Web page caption snippets
═══

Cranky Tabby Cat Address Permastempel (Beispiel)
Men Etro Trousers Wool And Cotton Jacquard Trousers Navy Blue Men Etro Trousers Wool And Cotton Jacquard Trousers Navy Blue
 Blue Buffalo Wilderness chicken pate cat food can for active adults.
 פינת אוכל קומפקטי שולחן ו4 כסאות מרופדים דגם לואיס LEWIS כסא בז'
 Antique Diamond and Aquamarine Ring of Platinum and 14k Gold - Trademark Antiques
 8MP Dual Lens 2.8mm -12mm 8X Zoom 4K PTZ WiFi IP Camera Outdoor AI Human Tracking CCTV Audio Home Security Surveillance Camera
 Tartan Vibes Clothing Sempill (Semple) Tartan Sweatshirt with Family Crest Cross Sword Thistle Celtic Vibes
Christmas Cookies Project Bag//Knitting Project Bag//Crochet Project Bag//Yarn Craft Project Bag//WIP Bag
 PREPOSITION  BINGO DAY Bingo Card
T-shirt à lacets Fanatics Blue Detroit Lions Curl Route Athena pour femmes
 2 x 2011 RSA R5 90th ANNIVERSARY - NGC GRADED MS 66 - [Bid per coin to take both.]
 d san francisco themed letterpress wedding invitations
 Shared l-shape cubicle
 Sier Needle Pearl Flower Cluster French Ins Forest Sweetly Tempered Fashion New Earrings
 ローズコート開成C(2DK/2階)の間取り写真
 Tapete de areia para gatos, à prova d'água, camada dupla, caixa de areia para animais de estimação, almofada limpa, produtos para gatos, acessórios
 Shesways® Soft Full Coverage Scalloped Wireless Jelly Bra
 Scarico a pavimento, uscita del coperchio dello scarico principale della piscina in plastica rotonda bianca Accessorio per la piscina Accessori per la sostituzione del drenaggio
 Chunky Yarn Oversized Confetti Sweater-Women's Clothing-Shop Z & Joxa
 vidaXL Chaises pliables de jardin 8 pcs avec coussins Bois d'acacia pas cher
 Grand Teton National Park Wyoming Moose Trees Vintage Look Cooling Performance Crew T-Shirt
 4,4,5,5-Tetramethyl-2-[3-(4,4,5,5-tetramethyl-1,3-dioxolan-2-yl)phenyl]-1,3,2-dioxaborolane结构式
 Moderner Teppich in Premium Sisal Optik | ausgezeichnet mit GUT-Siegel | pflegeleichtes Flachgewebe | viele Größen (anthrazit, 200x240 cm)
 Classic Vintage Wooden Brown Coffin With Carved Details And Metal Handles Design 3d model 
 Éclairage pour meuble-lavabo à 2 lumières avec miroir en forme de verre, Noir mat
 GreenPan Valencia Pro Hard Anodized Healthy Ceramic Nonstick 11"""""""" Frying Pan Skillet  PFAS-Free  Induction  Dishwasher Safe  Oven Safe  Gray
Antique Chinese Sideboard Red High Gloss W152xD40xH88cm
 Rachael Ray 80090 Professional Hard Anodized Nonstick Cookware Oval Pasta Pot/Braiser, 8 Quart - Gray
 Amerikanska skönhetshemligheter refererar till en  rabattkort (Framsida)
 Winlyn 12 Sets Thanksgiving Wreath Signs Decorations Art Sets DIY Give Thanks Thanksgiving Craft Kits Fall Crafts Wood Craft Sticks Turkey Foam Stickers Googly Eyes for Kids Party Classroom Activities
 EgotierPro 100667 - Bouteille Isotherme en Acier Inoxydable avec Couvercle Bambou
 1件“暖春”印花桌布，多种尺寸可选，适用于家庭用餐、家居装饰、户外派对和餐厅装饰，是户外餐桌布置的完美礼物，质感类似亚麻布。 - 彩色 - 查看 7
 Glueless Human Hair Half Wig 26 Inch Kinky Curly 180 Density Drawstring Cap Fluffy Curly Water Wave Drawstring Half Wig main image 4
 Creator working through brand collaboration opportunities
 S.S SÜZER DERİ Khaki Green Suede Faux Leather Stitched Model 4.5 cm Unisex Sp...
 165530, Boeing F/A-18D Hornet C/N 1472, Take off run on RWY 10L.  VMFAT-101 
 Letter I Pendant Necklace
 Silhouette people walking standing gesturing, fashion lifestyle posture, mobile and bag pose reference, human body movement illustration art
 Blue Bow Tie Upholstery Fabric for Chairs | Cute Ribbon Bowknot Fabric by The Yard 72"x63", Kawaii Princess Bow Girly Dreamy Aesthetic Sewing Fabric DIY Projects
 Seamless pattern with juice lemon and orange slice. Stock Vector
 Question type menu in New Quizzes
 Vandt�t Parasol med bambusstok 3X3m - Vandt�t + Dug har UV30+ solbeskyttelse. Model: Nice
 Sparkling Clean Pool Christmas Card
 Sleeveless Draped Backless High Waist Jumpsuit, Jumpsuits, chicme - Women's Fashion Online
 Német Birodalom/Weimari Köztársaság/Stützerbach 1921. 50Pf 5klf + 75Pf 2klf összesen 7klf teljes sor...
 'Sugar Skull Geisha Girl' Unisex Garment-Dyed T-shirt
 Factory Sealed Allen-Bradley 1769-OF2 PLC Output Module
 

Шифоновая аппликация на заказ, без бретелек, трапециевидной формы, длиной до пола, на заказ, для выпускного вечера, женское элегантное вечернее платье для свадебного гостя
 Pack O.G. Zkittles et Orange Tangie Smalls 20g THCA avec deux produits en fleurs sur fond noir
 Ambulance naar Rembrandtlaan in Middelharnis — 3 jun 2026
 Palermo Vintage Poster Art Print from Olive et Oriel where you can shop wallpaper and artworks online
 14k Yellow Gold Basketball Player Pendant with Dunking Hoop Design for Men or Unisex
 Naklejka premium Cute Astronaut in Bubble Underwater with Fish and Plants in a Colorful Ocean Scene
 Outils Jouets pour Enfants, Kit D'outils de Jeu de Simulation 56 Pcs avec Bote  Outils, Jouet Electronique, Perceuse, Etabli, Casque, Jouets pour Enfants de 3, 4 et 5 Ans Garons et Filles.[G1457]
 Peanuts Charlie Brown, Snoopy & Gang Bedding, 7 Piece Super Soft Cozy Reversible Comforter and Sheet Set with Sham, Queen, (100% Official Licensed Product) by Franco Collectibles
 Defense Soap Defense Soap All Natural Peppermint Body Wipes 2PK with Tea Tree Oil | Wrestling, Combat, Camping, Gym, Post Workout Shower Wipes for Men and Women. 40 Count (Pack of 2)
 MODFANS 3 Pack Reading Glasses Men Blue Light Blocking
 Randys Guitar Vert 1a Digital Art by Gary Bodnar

═══

*PROBLEM DETAILS*: Word for word, copy out all of the data shown above.

*EXERCISE RESPONSE*:
Cranky Tabby Cat Address Permastempel (Beispiel)
Men Etro Trousers Wool And Cotton Jacquard Trousers Navy Blue Men Etro Trousers Wool And Cotton Jacquard Trousers Navy Blue
 Blue Buffalo Wilderness chicken pate cat food can for active adults.
 פינת אוכל קומפקטי שולחן ו4 כסאות מרופדים דגם לואיס LEWIS כסא בז'
 Antique Diamond and Aquamarine Ring of Platinum and 14k Gold - Trademark Antiques
 8MP Dual Lens 2.8mm -12mm 8X Zoom 4K PTZ WiFi IP Camera Outdoor AI Human Tracking CCTV Audio Home Security Surveillance Camera
 Tartan Vibes Clothing Sempill (Semple) Tartan Sweatshirt with Family Crest Cross Sword Thistle Celtic Vibes
Christmas Cookies Project Bag//Knitting Project Bag//Crochet Project Bag//Yarn Craft Project Bag//WIP Bag
 PREPOSITION  BINGO DAY Bingo Card
T-shirt à lacets Fanatics Blue Detroit Lions Curl Route Athena pour femmes
 2 x 2011 RSA R5 90th ANNIVERSARY - NGC GRADED MS 66 - [Bid per coin to take both.]
 d san francisco themed letterpress wedding invitations
 Shared l-shape cubicle
 Sier Needle Pearl Flower Cluster French Ins Forest Sweetly Tempered Fashion New Earrings
 ローズコート開成C(2DK/2階)の間取り写真
 Tapete de areia para gatos, à prova d'água, camada dupla, caixa de areia para animais de estimação, almofada limpa, produtos para gatos, acessórios
 Shesways® Soft Full Coverage Scalloped Wireless Jelly Bra
 Scarico a pavimento, uscita del coperchio dello scarico principale della piscina in plastica rotonda bianca Accessorio per la piscina Accessori per la sostituzione del drenaggio
 Chunky Yarn Oversized Confetti Sweater-Women's Clothing-Shop Z & Joxa
 vidaXL Chaises pliables de jardin 8 pcs avec coussins Bois d'acacia pas cher
 Grand Teton National Park Wyoming Moose Trees Vintage Look Cooling Performance Crew T-Shirt
 4,4,5,5-Tetramethyl-2-[3-(4,4,5,5-tetramethyl-1,3-dioxolan-2-yl)phenyl]-1,3,2-dioxaborolane结构式
 Moderner Teppich in Premium Sisal Optik | ausgezeichnet mit GUT-Siegel | pflegeleichtes Flachgewebe | viele Größen (anthrazit, 200x240 cm)
 Classic Vintage Wooden Brown Coffin With Carved Details And Metal Handles Design 3d model 
 Éclairage pour meuble-lavabo à 2 lumières avec miroir en forme de verre, Noir mat
 GreenPan Valencia Pro Hard Anodized Healthy Ceramic Nonstick 11"""""""" Frying Pan Skillet  PFAS-Free  Induction  Dishwasher Safe  Oven Safe  Gray
Antique Chinese Sideboard Red High Gloss W152xD40xH88cm
 Rachael Ray 80090 Professional Hard Anodized Nonstick Cookware Oval Pasta Pot/Braiser, 8 Quart - Gray
 Amerikanska skönhetshemligheter refererar till en  rabattkort (Framsida)
 Winlyn 12 Sets Thanksgiving Wreath Signs Decorations Art Sets DIY Give Thanks Thanksgiving Craft Kits Fall Crafts Wood Craft Sticks Turkey Foam Stickers Googly Eyes for Kids Party Classroom Activities
 EgotierPro 100667 - Bouteille Isotherme en Acier Inoxydable avec Couvercle Bambou
 1件“暖春”印花桌布，多种尺寸可选，适用于家庭用餐、家居装饰、户外派对和餐厅装饰，是户外餐桌布置的完美礼物，质感类似亚麻布。 - 彩色 - 查看 7
 Glueless Human Hair Half Wig 26 Inch Kinky Curly 180 Density Drawstring Cap Fluffy Curly Water Wave Drawstring Half Wig main image 4
 Creator working through brand collaboration opportunities
 S.S SÜZER DERİ Khaki Green Suede Faux Leather Stitched Model 4.5 cm Unisex Sp...
 165530, Boeing F/A-18D Hornet C/N 1472, Take off run on RWY 10L.  VMFAT-101 
 Letter I Pendant Necklace
 Silhouette people walking standing gesturing, fashion lifestyle posture, mobile and bag pose reference, human body movement illustration art
 Blue Bow Tie Upholstery Fabric for Chairs | Cute Ribbon Bowknot Fabric by The Yard 72"x63", Kawaii Princess Bow Girly Dreamy Aesthetic Sewing Fabric DIY Projects
 Seamless pattern with juice lemon and orange slice. Stock Vector
 Question type menu in New Quizzes
 Vandt�t Parasol med bambusstok 3X3m - Vandt�t + Dug har UV30+ solbeskyttelse. Model: Nice
 Sparkling Clean Pool Christmas Card
 Sleeveless Draped Backless High Waist Jumpsuit, Jumpsuits, chicme - Women's Fashion Online
 Német Birodalom/Weimari Köztársaság/Stützerbach 1921. 50Pf 5klf + 75Pf 2klf összesen 7klf teljes sor...
 'Sugar Skull Geisha Girl' Unisex Garment-Dyed T-shirt
 Factory Sealed Allen-Bradley 1769-OF2 PLC Output Module
 

Шифоновая аппликация на заказ, без бретелек, трапециевидной формы, длиной до пола, на заказ, для выпускного вечера, женское элегантное вечернее платье для свадебного гостя
 Pack O.G. Zkittles et Orange Tangie Smalls 20g THCA avec deux produits en fleurs sur fond noir
 Ambulance naar Rembrandtlaan in Middelharnis — 3 jun 2026
 Palermo Vintage Poster Art Print from Olive et Oriel where you can shop wallpaper and artworks online
 14k Yellow Gold Basketball Player Pendant with Dunking Hoop Design for Men or Unisex
 Naklejka premium Cute Astronaut in Bubble Underwater with Fish and Plants in a Colorful Ocean Scene
 Outils Jouets pour Enfants, Kit D'outils de Jeu de Simulation 56 Pcs avec Bote  Outils, Jouet Electronique, Perceuse, Etabli, Casque, Jouets pour Enfants de 3, 4 et 5 Ans Garons et Filles.[G1457]
 Peanuts Charlie Brown, Snoopy & Gang Bedding, 7 Piece Super Soft Cozy Reversible Comforter and Sheet Set with Sham, Queen, (100% Official Licensed Product) by Franco Collectibles
 Defense Soap Defense Soap All Natural Peppermint Body Wipes 2PK with Tea Tree Oil | Wrestling, Combat, Camping, Gym, Post Workout Shower Wipes for Men and Women. 40 Count (Pack of 2)
 MODFANS 3 Pack Reading Glasses Men Blue Light Blocking
 Randys Guitar Vert 1a Digital Art by Gary Bodnar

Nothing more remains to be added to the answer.